Dateline: Croatia— A man found the skeleton of a Nazi soldier while sifting through a bag of soil for his new garden. Bruno Marincic bought the soil from construction workers who had helped build a nearby highway. Marincic, from Rupe, was spreading it on his garden when he spotted the remains. Local historians said metal identification tags found with the remains showed the soldier was a member of the Nazi army’s 188 th division, which fought in the area under the command of General Ludwig Kibler. Local authorities have contacted the German Embassy in Zagreb about the find.

Dateline: Turkey—
An official with Turkey’s ruling party has been arrested for chewing gum while laying a wreath at a monument to the country’s revered founder Kemal Ataturk, the state Anatolian News Agency reported last Monday. Veysel Dalci, head of the local branch of the Justice and Development Party, was arrested in the Black Sea town of Fatsa and charged with insulting Ataturk’s memory during the Sunday afternoon ceremony marking Turkey’s National Sovereignty Day. CNN Turk television quoted the 38-year-old Dalci as saying he chewed gum to hide the smell of garlic, which he had eaten the previous evening. “After laying a wreath at the monument, I noticed I had gum in my mouth. I am very sorry,” the official told the television reporters. Showing disrespect for Ataturk, the soldier-statesman who founded the modern Turkish Republic in 1923, is a crime in the Mediterranean nation. It was not immediately clear what kind of penalty Dalci would face for the infraction.

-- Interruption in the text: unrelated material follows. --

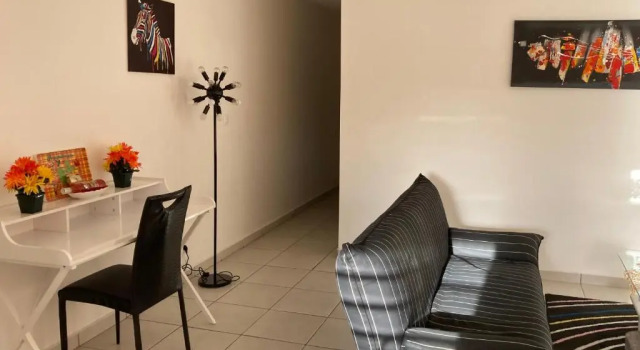 Апартаменты BIENVENUE à TI GWADLOUP JOLI T2 PARKING GRATUIT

Dateline: Oregon— According to a report in the current issue of the Journal of Neurosurgery , an unidentified 33-year-old Portland man went to a hospital late last year complaining of a headache. An initial examination found nothing, but a later X-ray found 12 nails embedded in the man’s skull from a suicide attempt with a nail gun. The man was apparently suicidal and high on methamphetamine when he fired the nails into his head one by one. A photo published in the study suggests the nails were between 1 1/2 and 2 inches long. The man at first told doctors he had had a nail gun accident, but later admitted it was a suicide attempt. No one before is known to have survived after intentionally firing so many foreign objects into their head, according to the report, written by Dr. G. Alexander West, the neurosurgeon who oversaw the treatment of the patient. Before his surgery at Oregon Health and Science University in Portland, the patient was in “remarkably good condition.” He was later transferred to psychiatric care and stayed under court orders for nearly a month before leaving against doctor’s orders.

Dateline: New Jersey— An 18-year-old man proved a valuable lesson for police at the fourth annual Police Expo in Rockaway Township: Don’t steal … from police … at the Police Expo. Last Saturday afternoon, the unnamed 18-year-old criminal mastermind walked up to a booth at the Rockaway Townsquare mall staffed by Mendham and Mendham Township police officers. Of particular interest to the teen was a display case holding facsimiles of popular drugs, including ecstasy and methamphetamine. Assuming the props were real, the teen decided to get a closer look. He popped open the case and tried to get away with several of the contents. Police officers standing behind the tables scattered throughout the mall converged instantly on the teen. “We saw it. We ran over and detained him,” Mendham Township Police Sgt. William Lunger told the Daily Record . “There was one mother there with her child who pointed at the guy and said, ‘You see? That’s what happens when you break the law.’” The 18-year-old was charged with criminal mischief by Rockaway Township police.